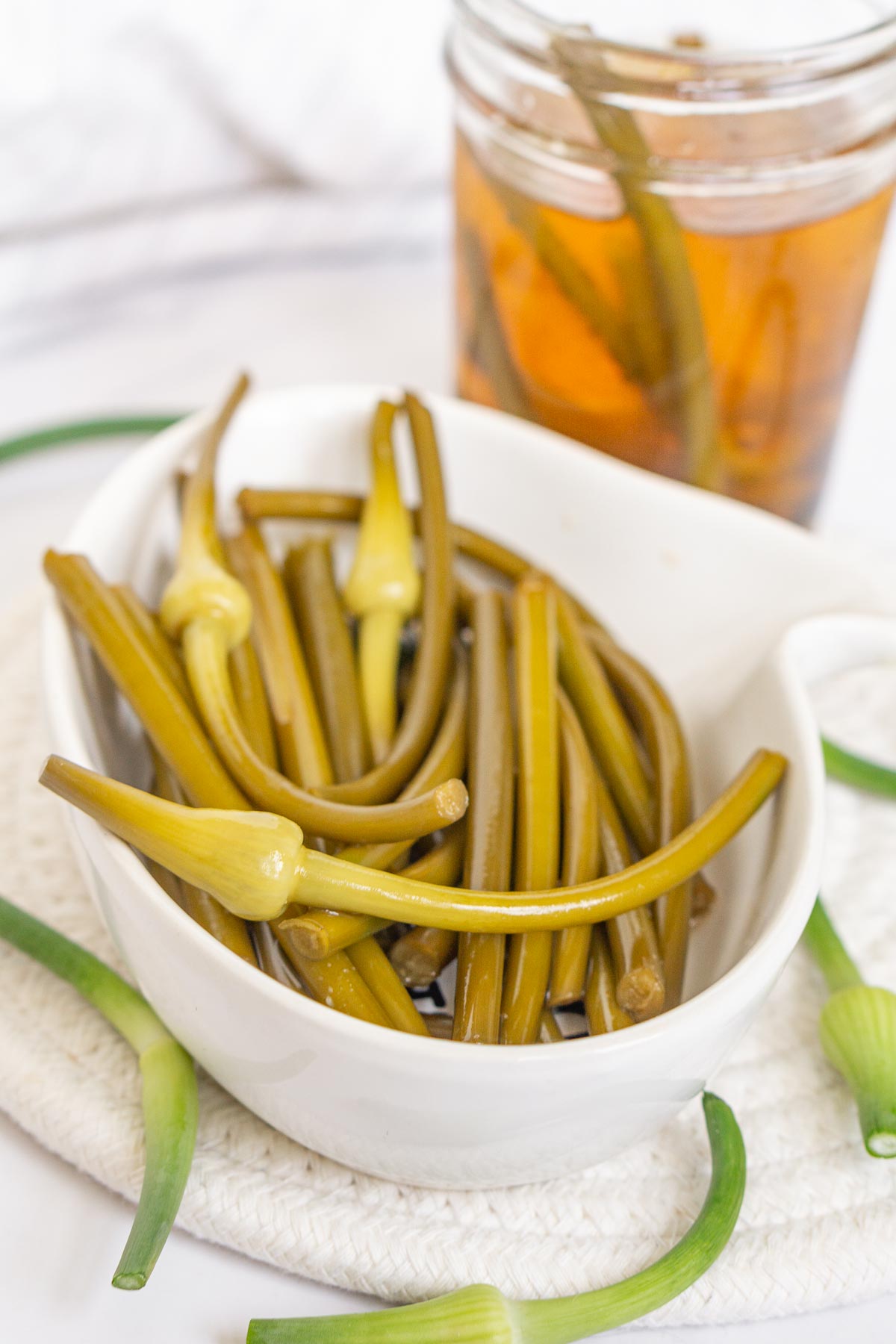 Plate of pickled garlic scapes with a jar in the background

---

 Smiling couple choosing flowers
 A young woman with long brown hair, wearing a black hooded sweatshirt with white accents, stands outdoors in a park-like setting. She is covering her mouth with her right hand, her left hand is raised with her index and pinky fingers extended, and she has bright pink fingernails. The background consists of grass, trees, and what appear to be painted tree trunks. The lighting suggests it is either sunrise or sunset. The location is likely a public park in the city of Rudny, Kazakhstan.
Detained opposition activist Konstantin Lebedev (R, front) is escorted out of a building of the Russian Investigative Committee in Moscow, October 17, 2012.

* * *

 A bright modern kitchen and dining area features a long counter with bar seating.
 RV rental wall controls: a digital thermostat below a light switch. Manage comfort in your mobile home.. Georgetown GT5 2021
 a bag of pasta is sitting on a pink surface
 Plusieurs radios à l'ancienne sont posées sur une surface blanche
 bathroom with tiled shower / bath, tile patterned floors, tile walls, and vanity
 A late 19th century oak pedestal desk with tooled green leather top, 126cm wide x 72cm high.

## Directions
From the records above, give again exactly the lines running from the line with "Plusieurs radios à" to the line with "A late 19th", inclusive.

## Task solution
 Plusieurs radios à l'ancienne sont posées sur une surface blanche
 bathroom with tiled shower / bath, tile patterned floors, tile walls, and vanity
 A late 19th century oak pedestal desk with tooled green leather top, 126cm wide x 72cm high.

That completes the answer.